Just because the root words of “vlog” is “video” and “blog”, that doesn’t mean that vlogging shares any of its fundamental principles with either of those media.

Since blogs are not mainstream media content, they conform to an entirely different set of standards than print media. Well, the same is true of video blogs: they’re not made-for-TV clips, and are governed by entirely different rules of quality.

A couple of weeks ago, I went over hardware and software basics for video blogging. My point was that you don’t need fancy euipment to video blog: any camera and some free software will do fine.

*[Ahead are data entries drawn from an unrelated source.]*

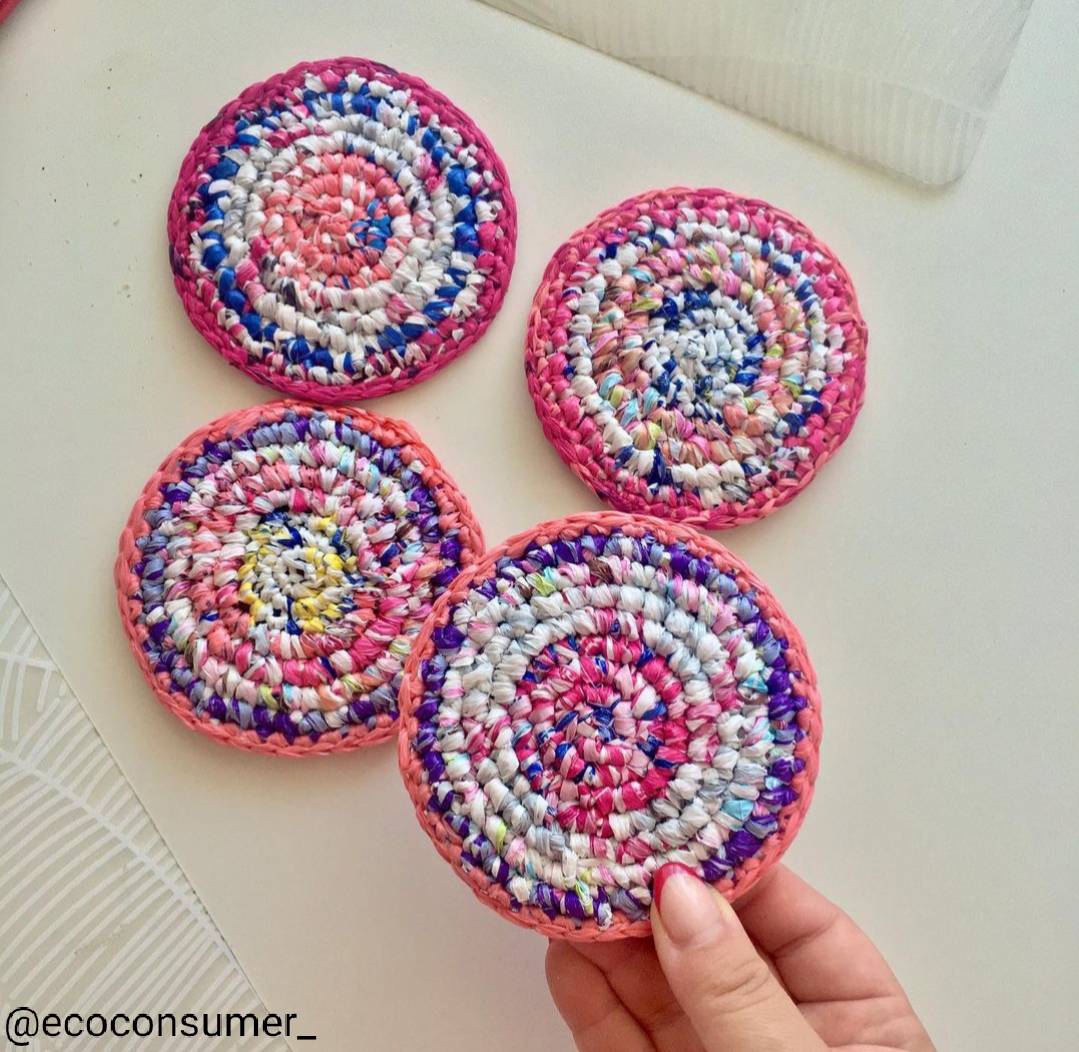 Coasters available 
 .
 Made of cork-based crocheted plastic bags, resistant to high temperatures 🌱
.
 The pack of 4 units 6mil
.
#creaenverde #plasticfree #reciclajecreativo #ecoproducts #crochet #ecocrochet #tejido #chilesinplásticos #noesbasura #zerowaste #cerowaste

Well, Dave Starr brought up an important point with the following comment:

One thing not mentioned here is, to my mind, the most difficult hurdle of all … and it can’t be solved with a piece of software.
[…]
Your video production must have a reason to be a video. So much of what I see being promoted as “video blogs” are just what the TV industry calls “talking heads”. If you watch TV … and most of us do … just watch something as mundane as the local news and notice that the camera never stays fixed on the “talent’s head” for more than few seconds at a time. Even if the commentator keeps talking, the view cuts away to the scene being talked about, people involved, even a map of the area, then comes back to the speaker only breifly …. and then on to something else.

Do _not_ just sit in front of a camera and talk … it will fall flat … because your viewers expect to see more than your face.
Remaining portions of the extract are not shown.